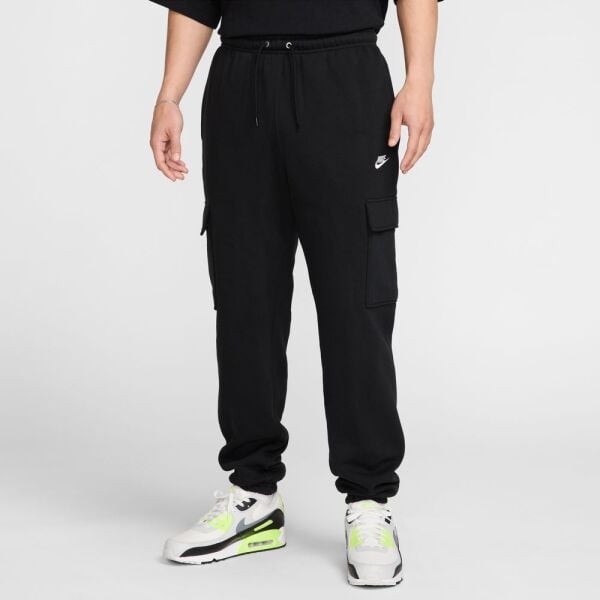 M NK CLUB BB CARGO PANT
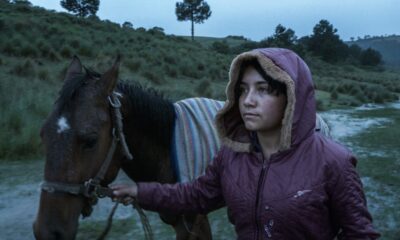 The Echo di tatiana Huezo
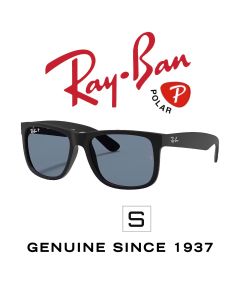 Gafas de Sol Originales > Ray-Ban 4165 · Justin 622/2V Polarizada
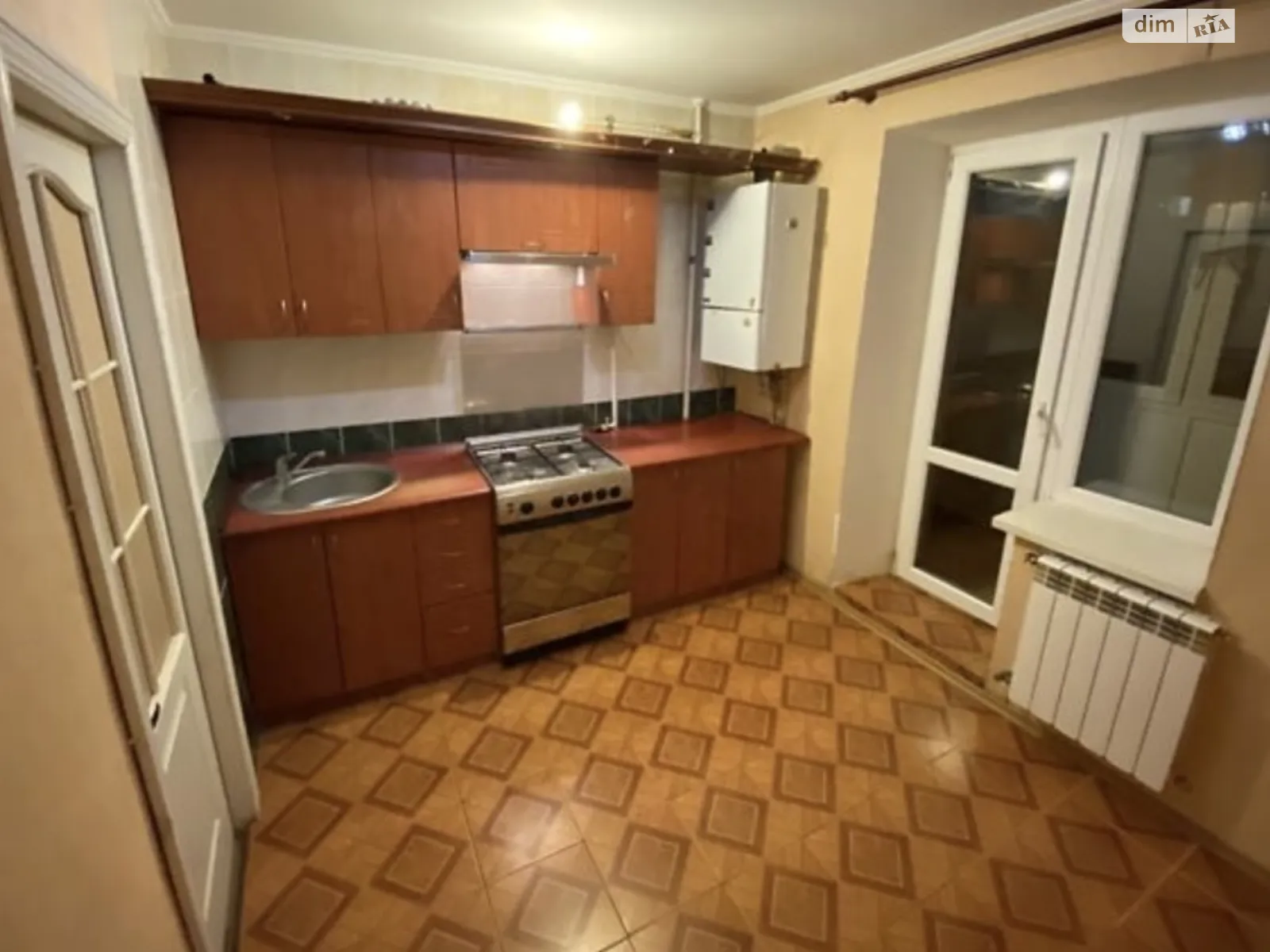 Продається 2-кімнатна квартира 52 кв. м у Вінниці, цена: 52500 $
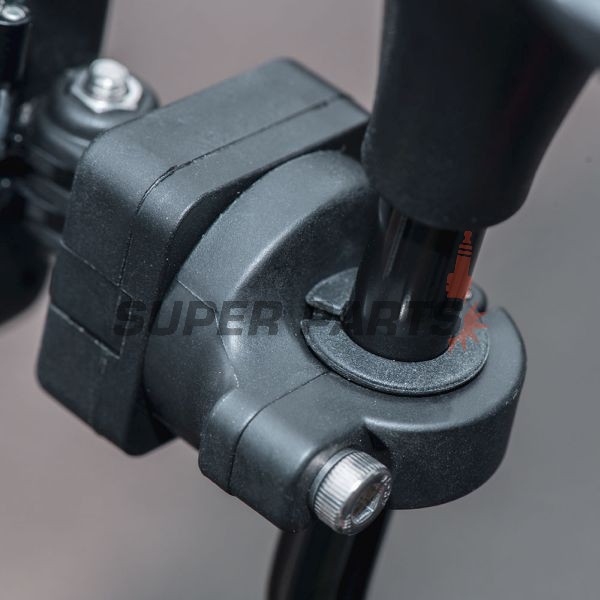 Βάση τηλεφώνου -OXFORD- CLIQR Mirror Mount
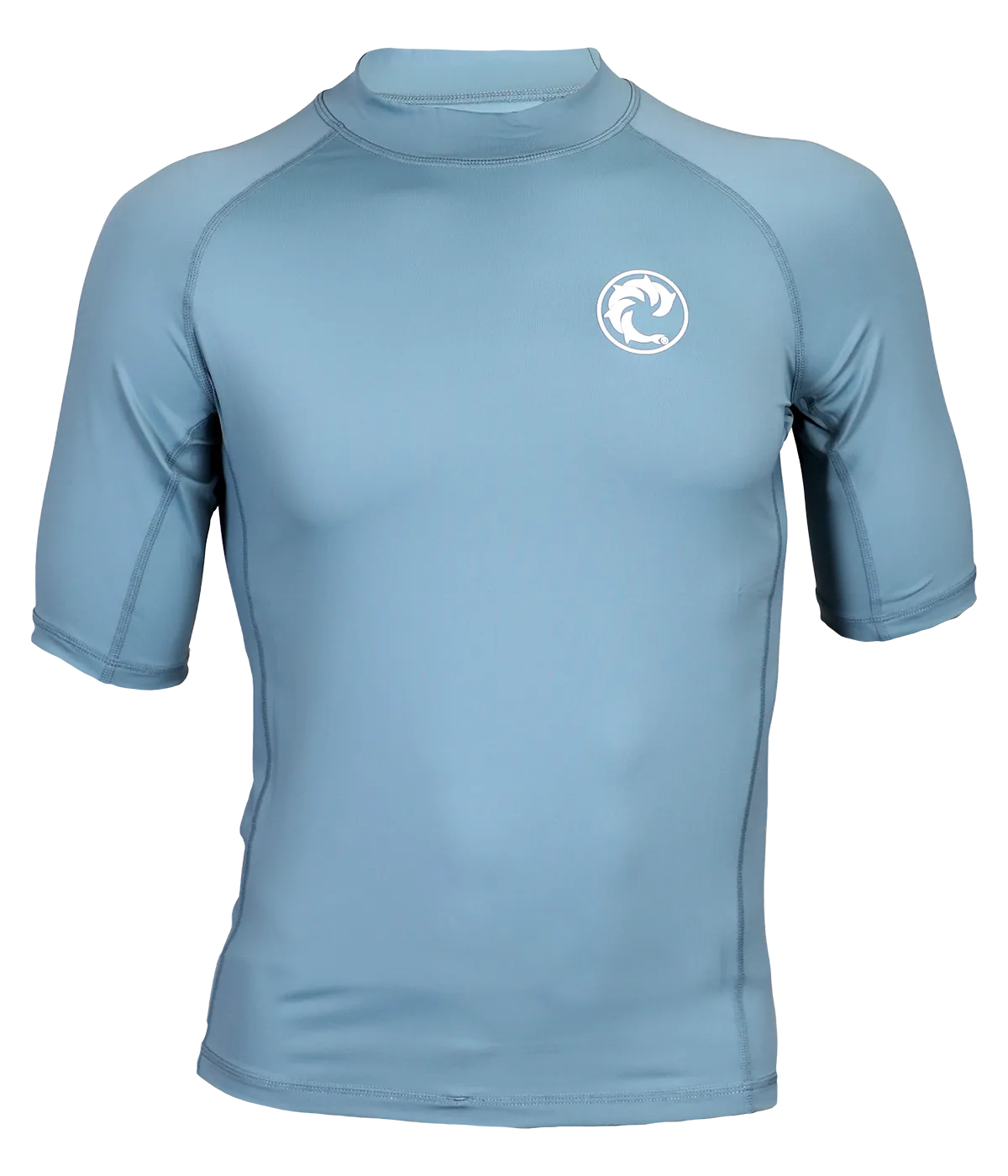 Ringer S/S Performance Fit Lycra Top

• **DIRECTIONS**
Beginning with the line containing "Продається 2-кімнатна квартира" and ending with the last line of the listing above, output those lines exactly as written, without pictures.

• **RESPONSE TO THE TASK**
 Продається 2-кімнатна квартира 52 кв. м у Вінниці, цена: 52500 $
 Βάση τηλεφώνου -OXFORD- CLIQR Mirror Mount
 Ringer S/S Performance Fit Lycra Top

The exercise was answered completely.